In Greek mythology, Anaxarete (Ancient Greek: Ἀναξαρέτη means 'excellent princess') was a princess from Cyprus, who is said to have been descended from Teucer. She attracts the love of a young man named Iphis, who she scornfully rebuffs, pushing him to the point of killing himself upon her doorstep. After his death, she remains unmoved, and Aphrodite transforms her into a stone statue.

== Family ==
Anaxarete is said to have been from Cyprus, and her family to have been descended from Teucer, the legendary founder of the Cypriot city of Salamis. She is said to have been a princess in this genealogical line.

== Mythology ==
In the Metamorphoses, a Latin poem by the Roman poet Ovid from 8 AD, Anaxarete catches the eye of a young man named Iphis. He immediately falls in love with her, and while he attempts to suppress his feelings for some time, he finds himself unable to control his adoration. He arrives at her dwelling, and reveals his feelings to her nurse; he also tries to tempt her servants into aiding him in amorous endeavour, and places flowers, drenched in his own tears, outside the entrance to her house.
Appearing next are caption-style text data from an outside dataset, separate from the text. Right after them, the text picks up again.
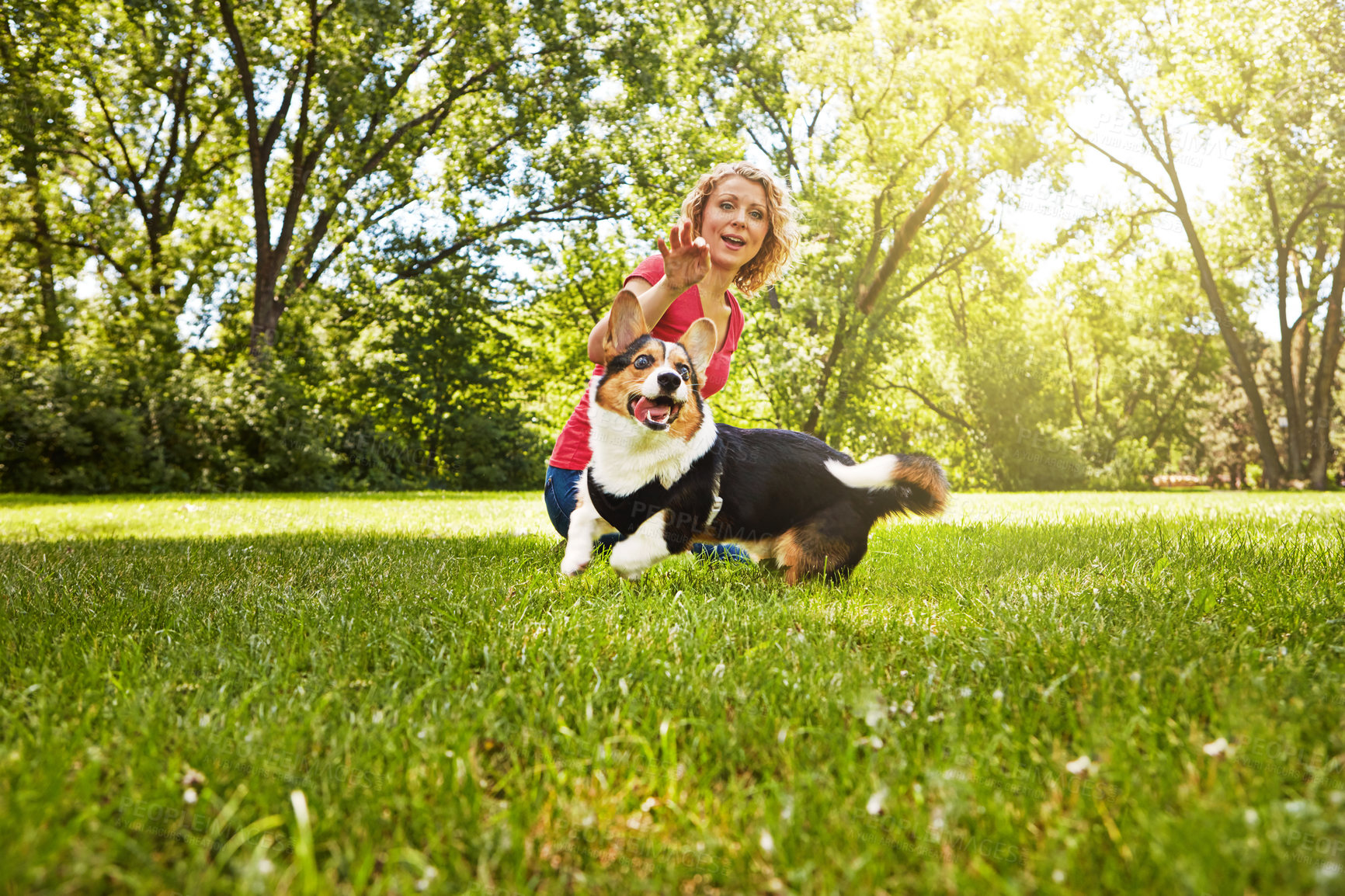 Buy stock photo Shot of a young woman bonding with her dog in the park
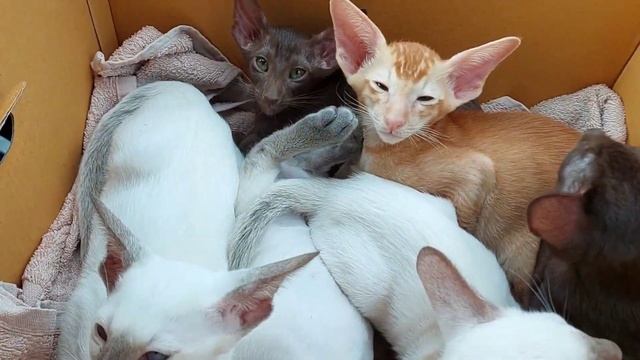 ориентальные котята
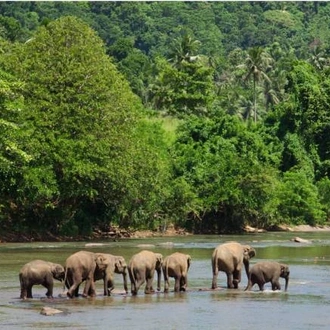 tourhub | World Expeditions | Sri Lanka by Bike 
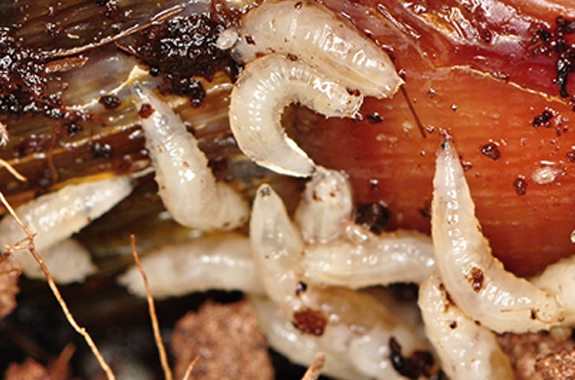 FRUIT FLIES AFFECTING BUSINESS?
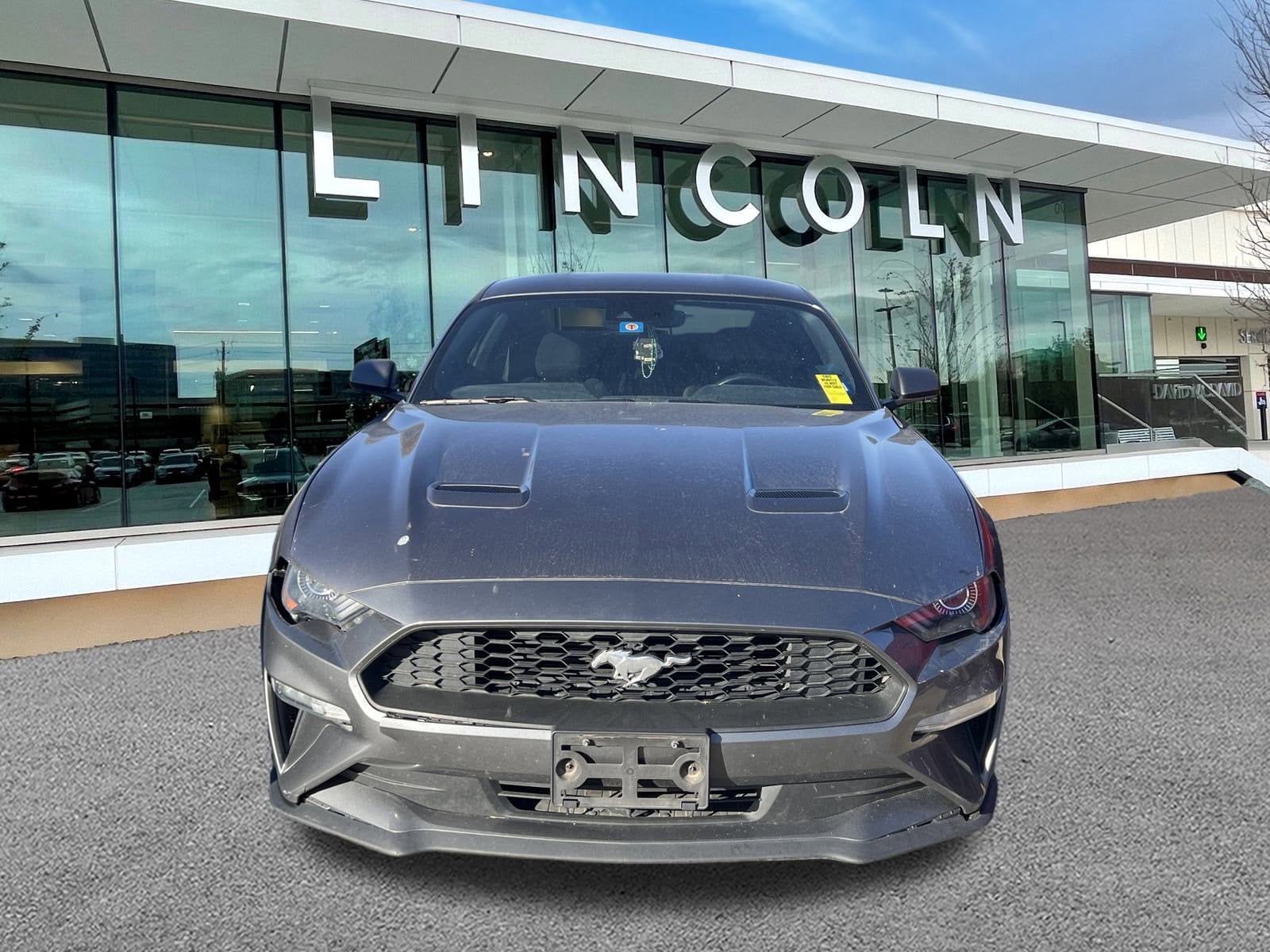 2021 Ford Mustang EcoBoost's photo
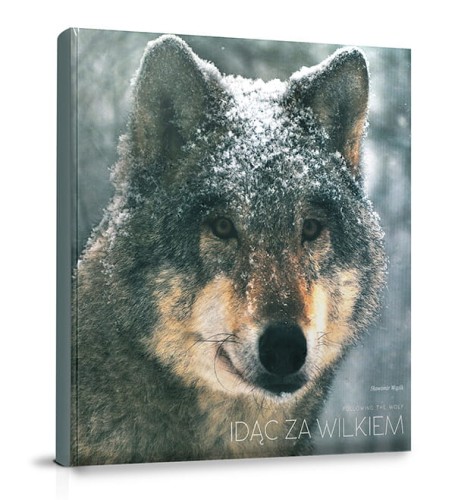 Idąc za wilkiem Sławomir Wąsik - okładka albumu o wilkach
However, Anaxarete, who is described as "more savage than the waves that rise at the setting of the Kids, harder than steel tempered in Noric fire", is resolutely unfeeling towards him, and rebuffs him with scorn; in doing so, she drains the hope of her would-be lover.

Pushed to a place of mental torment, Iphis delivers distraught and suicidal final words while standing upon her doorstep. He then hangs himself there, but Anaxarete is still unmoved. When she mocks his funeral, calling it pitiful, Aphrodite turned her into a stone statue. According to Ovid, the statue was preserved at Salamis in Cyprus, in the temple of Venus Prospiciens.

== In culture ==
A similar tale is told by Antoninus Liberalis, although he names the maiden Arsinoe, and her admirer Arceophon. Plutarch mentions yet another variation with the Cretans Gorgo and Asander.